Meu futuro pessoal no momento é em Miami, jogo agora no circuito americano que está crescendo, ganhei também torneios 2 nas últimas semanas, também jogo muitas exposições como o tênis Sony Open de Miami, na semana passada em Houston com os irmãos Bryan, ou na próxima semana em Barcelona com a maioria dos ex-campeões espanhóis de tênis (Costa, Bruguera, Corretja, etc.). Eles amam muito esse esporte e muitos deles consideram a conversão no padel após o tênis o mais amplamente possível. Na quadra, mas também fora. A Berasategui acaba de inaugurar seu pequeno clube 14! Os irmãos Sanchez têm uma das maiores empresas de construção de Padel do mundo. Se tudo isso acontece nos nossos vizinhos ibéricos, não há razão para que isso não ocorra na França. Estou começando a ouvir rumores de envolvimento de jogadores tão icônicos quanto Henri Leconte ou, mais recentemente, Nicolas Mahut ... Tudo isso é excelente e, na minha opinião, o padel se desenvolverá, com certeza. É apenas uma questão de tempo.

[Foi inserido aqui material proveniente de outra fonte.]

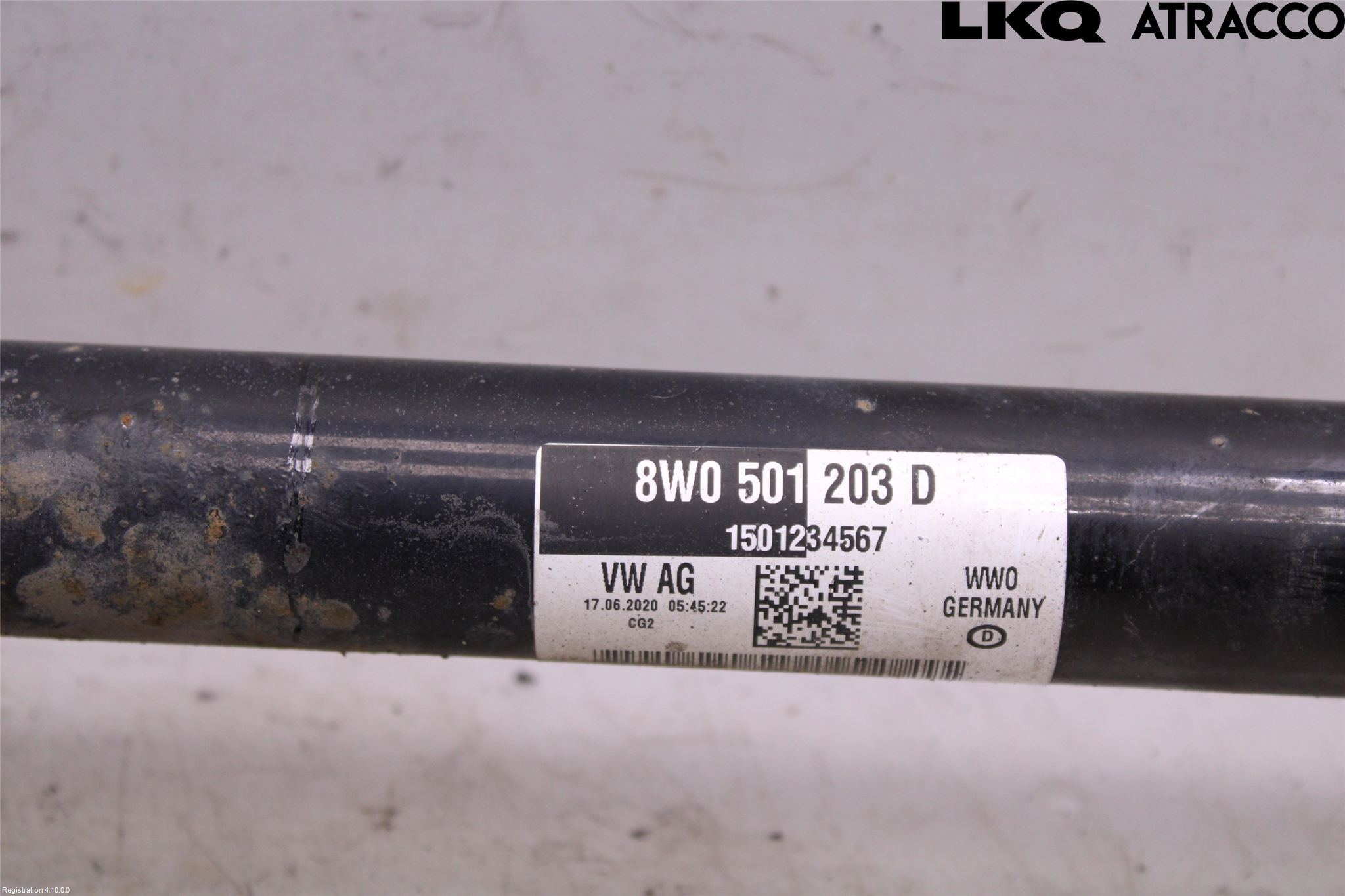 Audi A4/S4 B9 20- Drivaxel Bak Vänster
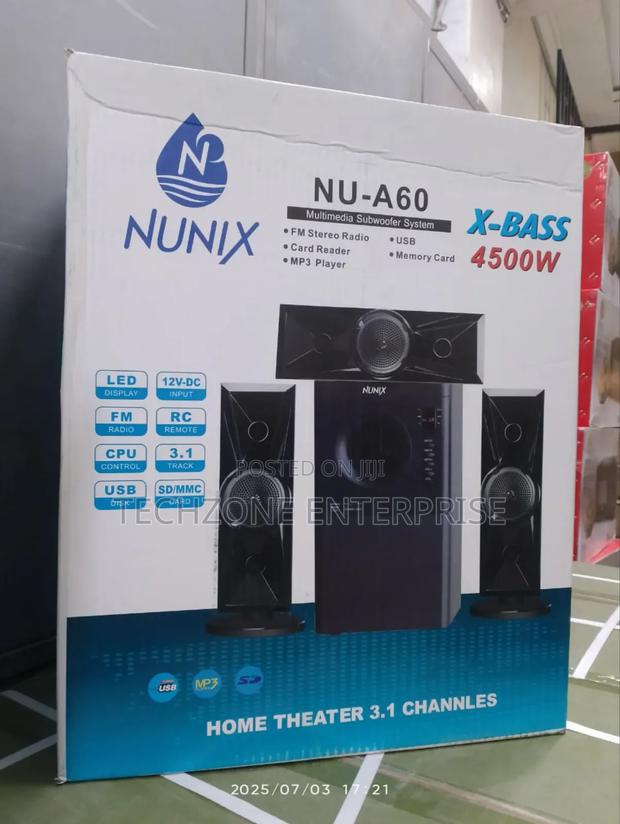 Nunix Nu-A60 3.1ch Mini Home Theater System With 4500 Watts, - main view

É um esporte tão amigável, tão completo que não há razão na França, país da raquete, que o padel não encontre seu lugar.

Franck Binisti - Padel Magazine

Franck Binisti

Franck Binisti descobre o padel no Pyramid Club em 2009 na região de Paris. Desde então padel faz parte de sua vida. Você costuma vê-lo em turnê pela França, cobrindo os grandes eventos franceses de remo.